____ Excerpted records

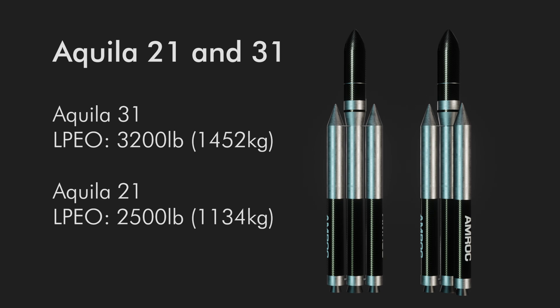This Aquila 31 could toss 3,200 pounds (4,250 kilograms) to a 90-degree, 185-kilometer polar orbit, while the 21 could do 2,500 pounds (1,134 kilograms) to the same orbit.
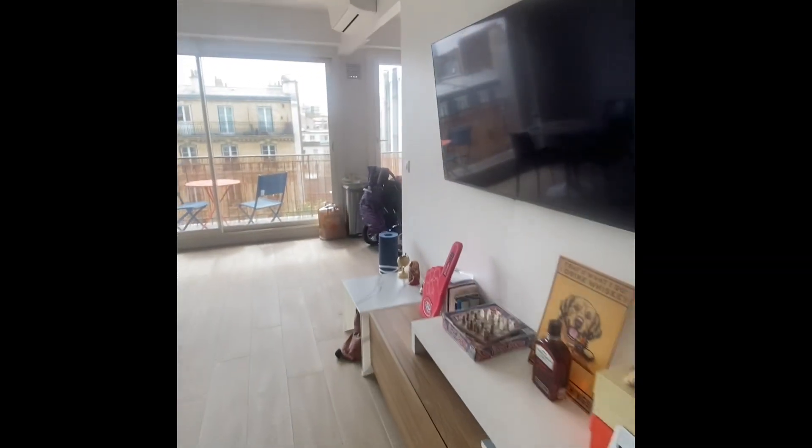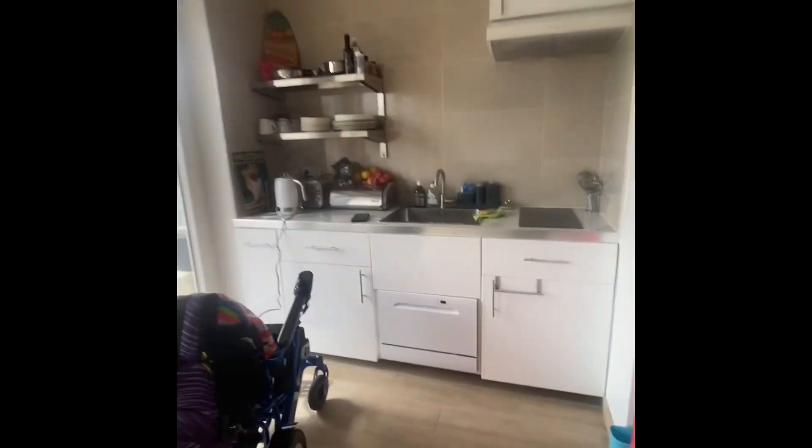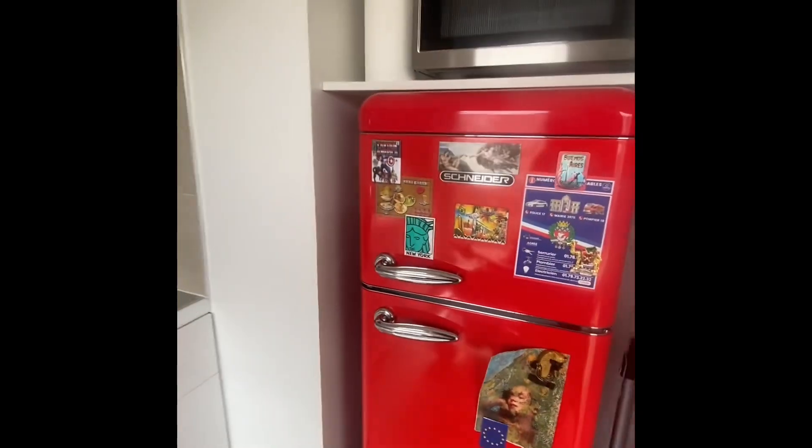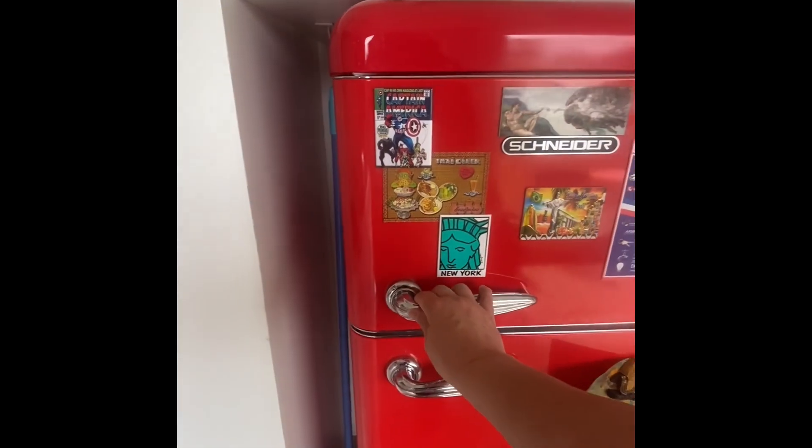This is the Airbnb my husband and I rented in May 2023 for our trip to Paris. I love this little retro refrigerator — so cute.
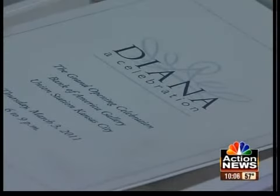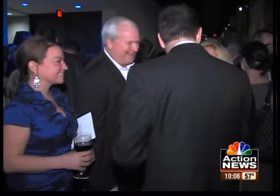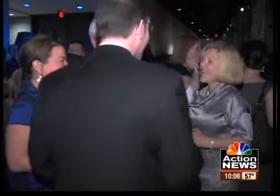Security guards will be in each room guarding the displays. The exhibit runs through June 12th, which means it will be here for the royal wedding on April 29th when Prince William marries Kate Middleton.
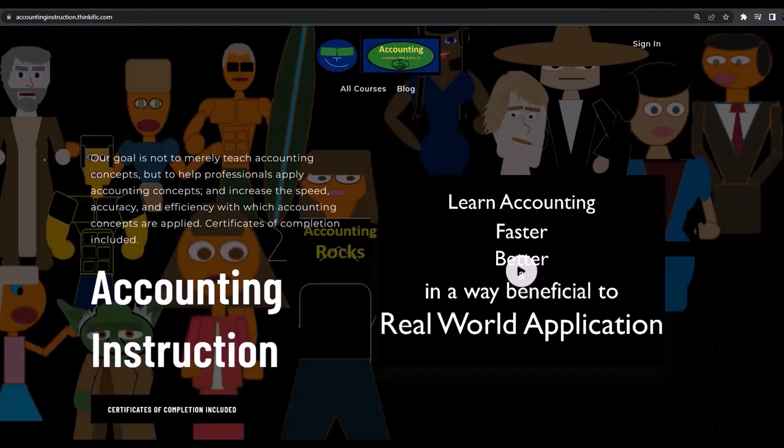If you would like a commercial-free experience, consider subscribing to our website at accountinginstruction.com or accountinginstruction.thinkific.com.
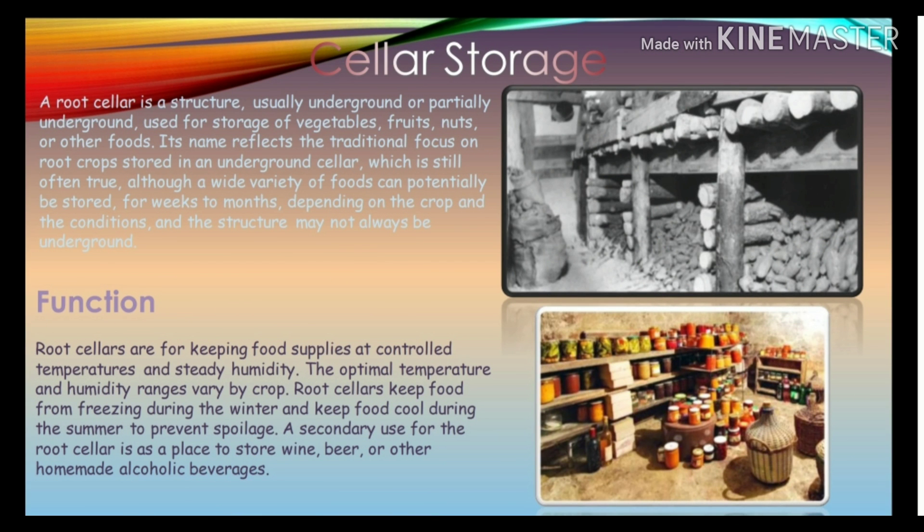First, let's talk about cellar storage. A root cellar is a structure, usually underground or partially underground, used for storage of vegetables, fruits, nuts, or other foods. Mostly root crops like potatoes and carrots are stored in an underground cellar, although a wide variety of foods can potentially be stored for weeks to months depending on the crop and conditions. The structure may not always be underground.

________

Directions for this task:
Keep the pictures out while you retype all of the data above exactly as it appears.

Solved exercise:
This Aquila 31 could toss 3,200 pounds (4,250 kilograms) to a 90-degree, 185-kilometer polar orbit, while the 21 could do 2,500 pounds (1,134 kilograms) to the same orbit.
This is the Airbnb my husband and I rented in May 2023 for our trip to Paris. I love this little retro refrigerator — so cute.
Security guards will be in each room guarding the displays. The exhibit runs through June 12th, which means it will be here for the royal wedding on April 29th when Prince William marries Kate Middleton.
If you would like a commercial-free experience, consider subscribing to our website at accountinginstruction.com or accountinginstruction.thinkific.com.
First, let's talk about cellar storage. A root cellar is a structure, usually underground or partially underground, used for storage of vegetables, fruits, nuts, or other foods. Mostly root crops like potatoes and carrots are stored in an underground cellar, although a wide variety of foods can potentially be stored for weeks to months depending on the crop and conditions. The structure may not always be underground.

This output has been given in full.